The hooded tomb of Katherine Wynne ~ St Trillo’s, Llandrillo, Denbighshire.

I live with a brain that aches with the stretch of reaching back into a past so very distant that whispers are all that may escape – and those barely heard and hard to grasp, wisps of meaning. And so sometimes I’m at risk of missing meaning in the more recent. I last visited Llandrillo in early March, and I’d tootled down to the village specifically to visit the Tyfos Stone Circle. The light was beginning to ebb at pace, and I’d popped in the local shop for a packet of mints, and left with a packet of mints and two bottles of ale. Wandering through the village on my way back to the car, I thought I’d pop into the church – a merry little bonus to what had been a successful trip. As I walked up the path towards the south door of the church, I saw a woman in the porch holding a mop. She glanced up at me, with a look which suggested,

tup thinks he’s walking mud in my church?

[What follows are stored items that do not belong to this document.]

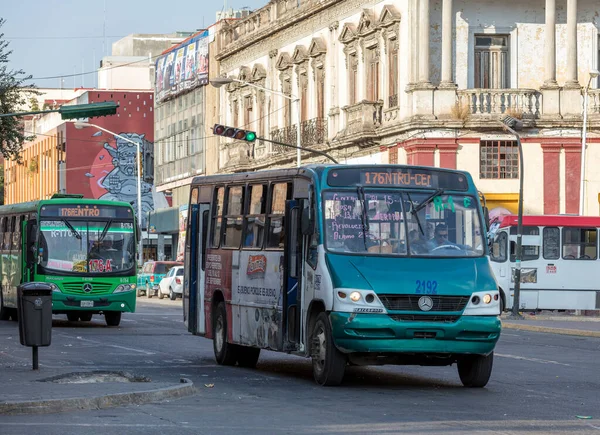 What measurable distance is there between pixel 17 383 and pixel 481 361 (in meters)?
5.52

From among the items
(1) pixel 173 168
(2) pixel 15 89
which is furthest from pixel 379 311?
(1) pixel 173 168

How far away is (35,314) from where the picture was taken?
61.5ft

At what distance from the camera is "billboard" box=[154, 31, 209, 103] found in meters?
73.5

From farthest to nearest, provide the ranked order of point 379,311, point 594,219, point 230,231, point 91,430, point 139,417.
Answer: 1. point 594,219
2. point 230,231
3. point 379,311
4. point 139,417
5. point 91,430

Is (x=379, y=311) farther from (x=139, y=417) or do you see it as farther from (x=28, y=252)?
(x=28, y=252)

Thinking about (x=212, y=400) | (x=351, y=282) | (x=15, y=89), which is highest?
(x=15, y=89)

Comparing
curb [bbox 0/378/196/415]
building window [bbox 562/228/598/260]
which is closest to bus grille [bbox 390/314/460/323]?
curb [bbox 0/378/196/415]

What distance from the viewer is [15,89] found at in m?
38.1

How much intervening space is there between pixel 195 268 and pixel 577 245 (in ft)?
A: 76.7

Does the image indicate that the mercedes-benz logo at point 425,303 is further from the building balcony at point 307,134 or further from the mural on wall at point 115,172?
the mural on wall at point 115,172

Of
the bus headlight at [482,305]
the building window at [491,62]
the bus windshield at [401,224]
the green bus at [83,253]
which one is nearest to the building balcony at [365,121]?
the building window at [491,62]

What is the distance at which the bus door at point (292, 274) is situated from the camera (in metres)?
18.3

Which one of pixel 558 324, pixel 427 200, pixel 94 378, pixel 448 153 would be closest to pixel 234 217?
pixel 427 200

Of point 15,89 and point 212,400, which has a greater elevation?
point 15,89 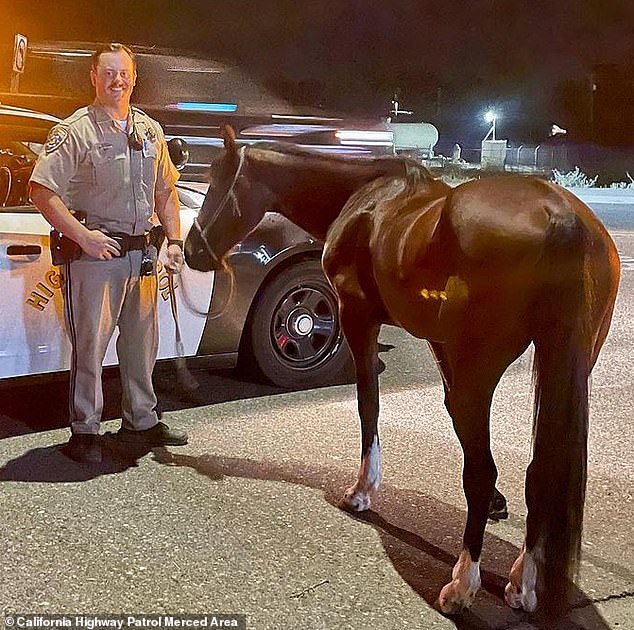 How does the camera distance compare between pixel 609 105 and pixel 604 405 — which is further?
pixel 604 405

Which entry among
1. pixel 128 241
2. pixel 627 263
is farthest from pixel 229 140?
pixel 627 263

I chose instead on a tactful swerve to the right and a wander around the churchyard instead. I’m glad I did, since I might have missed the little wonder that is the hooded tomb of Katherine Wynne. These little gems are rare, and rarer still in good condition. The finest of these is undoubtedly the tomb of Grace Williams in the churchyard of St Mael and St Sulien’s in Cwm, but I’d forgotten that Llandrillo had its own, and so to unexpectedly come across it here, hit me like a freight train. I’m told they were a sort of compromise between the overtly ostentatious and the downright inconspicuous, and who am I to argue? But, I see something else. I don’t pretend to be a historian of any worth, and I know the truth of my failings here, since as I continue to wander and wonder, I find that I am increasingly allowing myself to give weight to how these lumps, bumps, ruins and remains make me feel – which is not proper form, for a historian. For all my Efrogesque (just get your head around that mashup of a mongrelised word) pragmatism, I do like the beauty of a hooded tomb. Yes, I must admit to that.

The much weathered remains of the skull and crossbones on the underside of the hood.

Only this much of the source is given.